ESOPs can motivate employees to grow and improve the business due to their direct connection with profitability. If the company is doing well and its stock is up, the employees gain value in their investments. In addition, ESOPs also offer retirement benefits for the employees by giving them partial ownership within the company.
What is an ESOP?
Essentially, an ESOP is a retirement plan provided by a company for its employees, set up as a trust fund. ESOPs are different from employee stock option plans. The stock option plans allow employees to purchase their company's stock at a set price after a given amount of time.
ESOPs provide employees with partial ownership of the company by increasing their stock holdings over time. Afterward, company stock can be sold for cash when the employee retires.
ESOPs benefit both employees, who gain partial ownership within the company, and its shareholders, which helps the company overall. In addition, they are commonly used to provide a market for any exiting owners.
Understanding ESOPs
Essentially, ESOPs are trust funds. A company can contribute shares or cash directly to the trust fund, or it can borrow money to purchase additional shares.
All contributions are tax-deductible. Employees do not pay any taxes on these contributions until they exit the company, giving them the option to either sell on the market or back to the company.
Benefits of Setting Up an ESOP
ESOPs are qualified plans providing tax benefits for both the company and its participants. The main reasons a company uses an ESOP plan are the following:
- Aligns the interests between employees and shareholders. Employees have a more vested interest in the company's success because they have partial ownership. And because of this, they also want to drive up the value of the stock, which also benefits shareholders.
- Facilitates succession planning. Business owners and founders often have a significant portion of their wealth in their companies' stock. With an ESOP, an employee leaving the company, including owners and founders, can sell their stocks without hurting the company's value. Shareholders that plan on selling often use an ESOP as an effective exit strategy. This strategy allows them to sell their portion of the business to an ESOP while keeping participants in the plan to work, which benefits the entire company.
- ESOPs provide tax benefits like other qualified retirement plans. These are the three significant tax benefits offered to ESOPs:
- Federal income tax - 100% ESOP-owned S corporations are not required to pay any federal income tax.
- Tax-advantaged leveraged buyout - Corporations can deduct the principal paid on an ESOP's loan to buy back the stock held by the ESOP.
- Allowance of tax deferral - This option is only available for C corporations. It allows the owner's sale of the stock to the ESOP to be structured so it can be tax-deferred.
- ESOPs give both monetary and non-monetary benefits to employees.
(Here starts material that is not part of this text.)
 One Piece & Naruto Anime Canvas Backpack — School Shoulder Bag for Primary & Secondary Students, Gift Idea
Owning shares in the company provides employees economic ownership of the company, which increases their appreciation of its value over time. Owning shares further incentivizes employees to work efficiently to drive up the company's value. It also helps employees understand how the company's performance links to its value. Lastly, giving workers ownership of the company also improves employee retention.
Using Your ESOP
ESOP participants get an annual statement showing them the number of shares allocated to them that year and their net account balance. The number of shares typically takes the employee's overall compensation into account.
Vesting provisions are also a vital element of an ESOP. There are two types:
- Graded vesting is when a specified percentage is vested every year for a given period.
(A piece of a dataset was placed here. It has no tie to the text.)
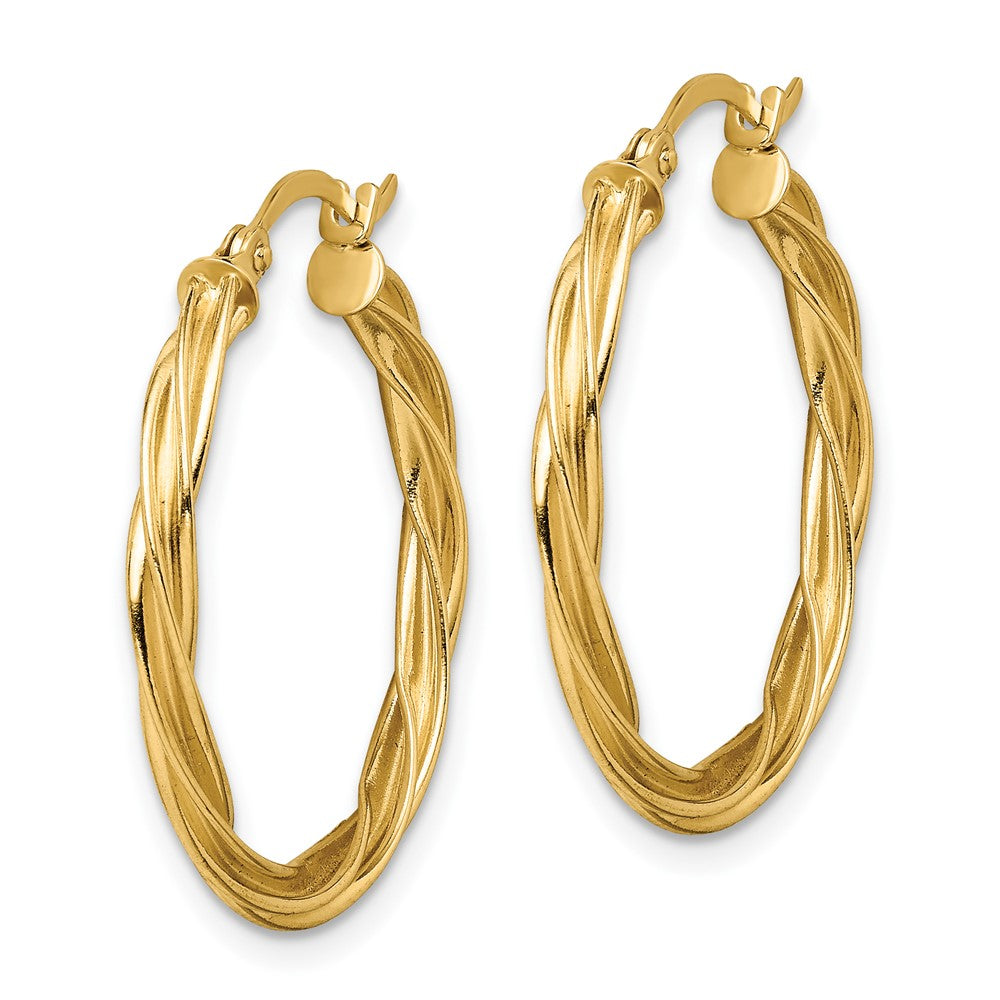 10K Gelbgold Poliert Gedreht 2.5mm Creolen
- Cliff vesting occurs when employees don't have any vested interest until they have been with the company for a specified period.
Benefit distribution methods can vary, and there are other options; however, the employee will receive equal installments of their stocks over five years. Participants will not receive the vested portion of their ESOP until either they retire, quit their job, or die. Then the individual can sell the shares back to the company or sell them on the market.